___ EXCERPTED DATA

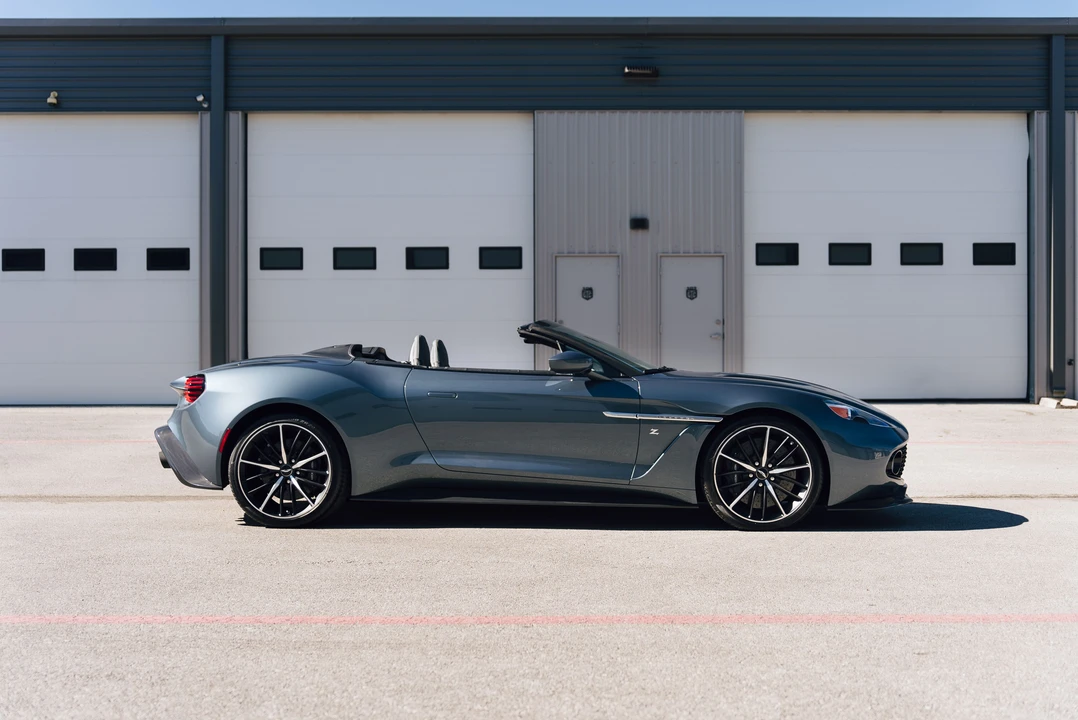 2018 Aston Martin Vanquish 2nd Gen - Image 15 of 31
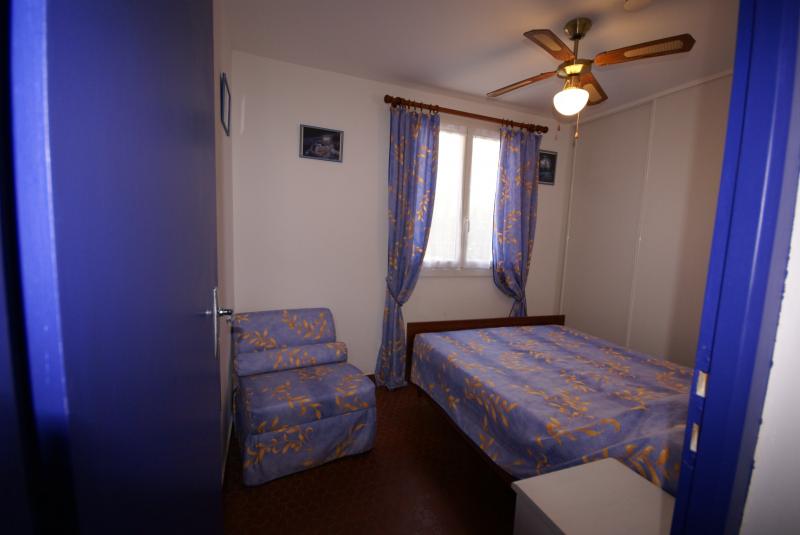 foto 1 Mietobjekt von Privatpersonen Gruissan appartement Languedoc-Roussillon Aude Schlafzimmer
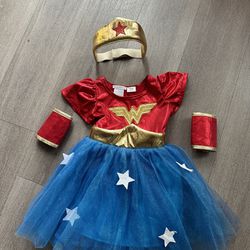 Wonder Woman girls costume 3T Pottery Barn Kids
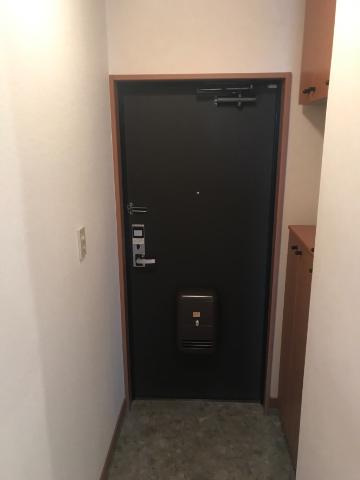 プライムガーデンⅡの玄関|玄関（イメージ）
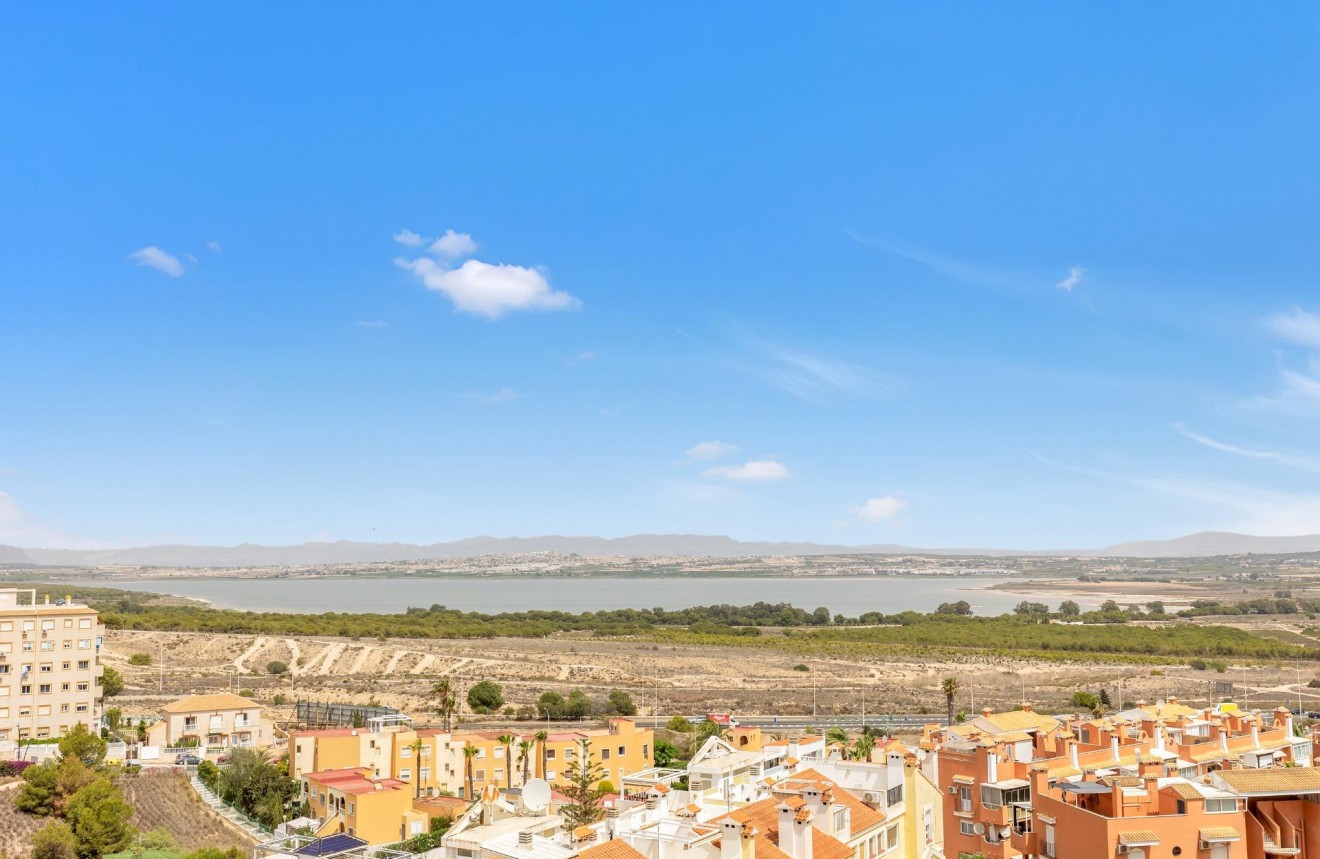 Aus zweiter Hand - Wohnung -
Torrevieja - Torre la mata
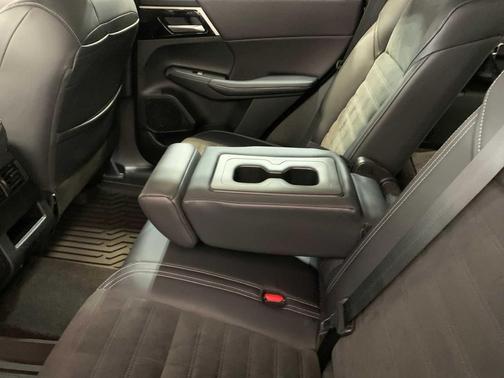 2024 Mitsubishi Outlander SE 2.5 S-AWC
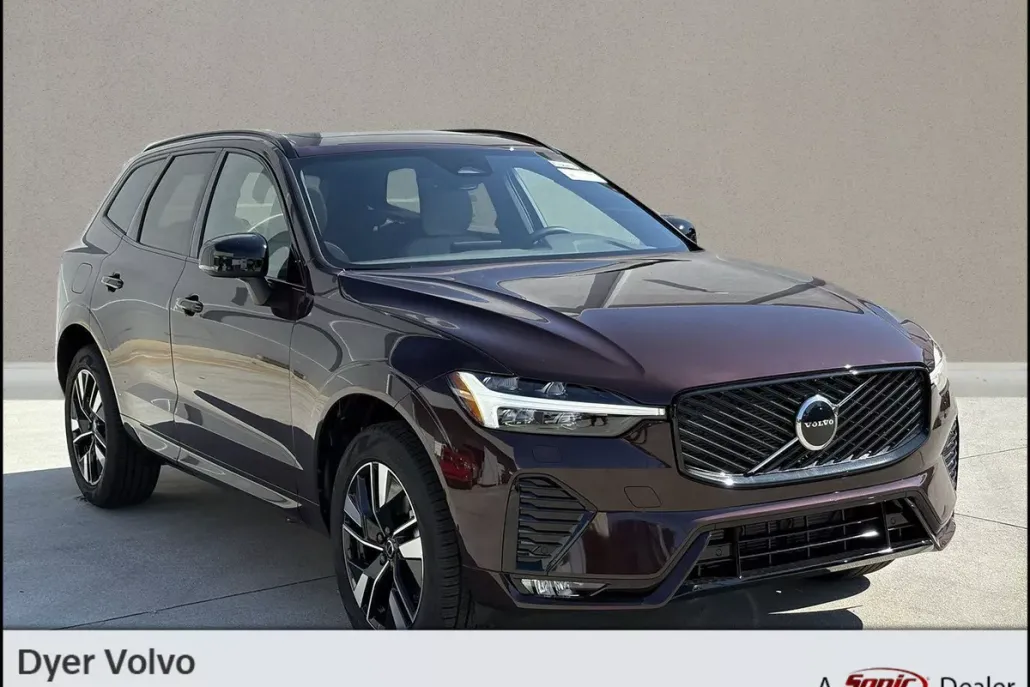 2026 Volvo XC60 B5 Core photo 1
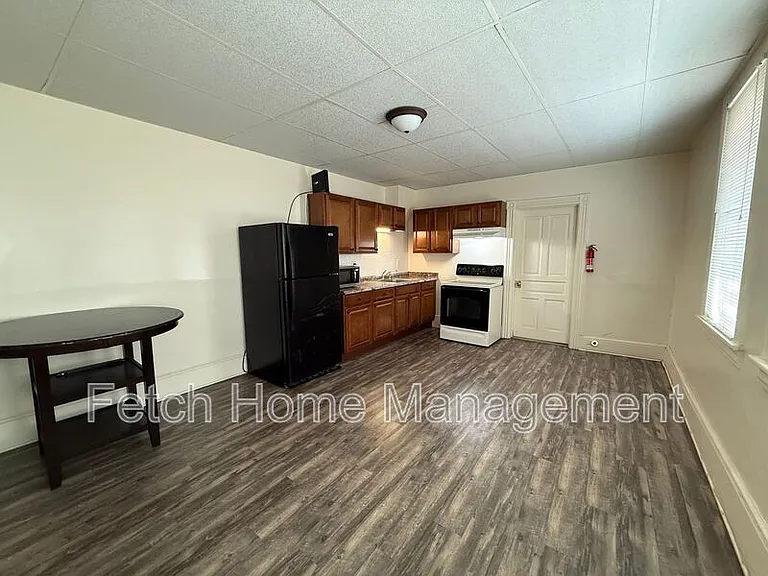 722 E King St #6 — Photo 3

______

WHAT THE TASK REQUIRES → Can the lines from the one with "プライムガーデンⅡの玄関|玄関（イメージ）" to the end of the records above be quoted exactly, both ends included, with every picture omitted?

ANSWER TO THIS TASK →
 プライムガーデンⅡの玄関|玄関（イメージ）
 Aus zweiter Hand - Wohnung -
Torrevieja - Torre la mata
 2024 Mitsubishi Outlander SE 2.5 S-AWC
 2026 Volvo XC60 B5 Core photo 1
 722 E King St #6 — Photo 3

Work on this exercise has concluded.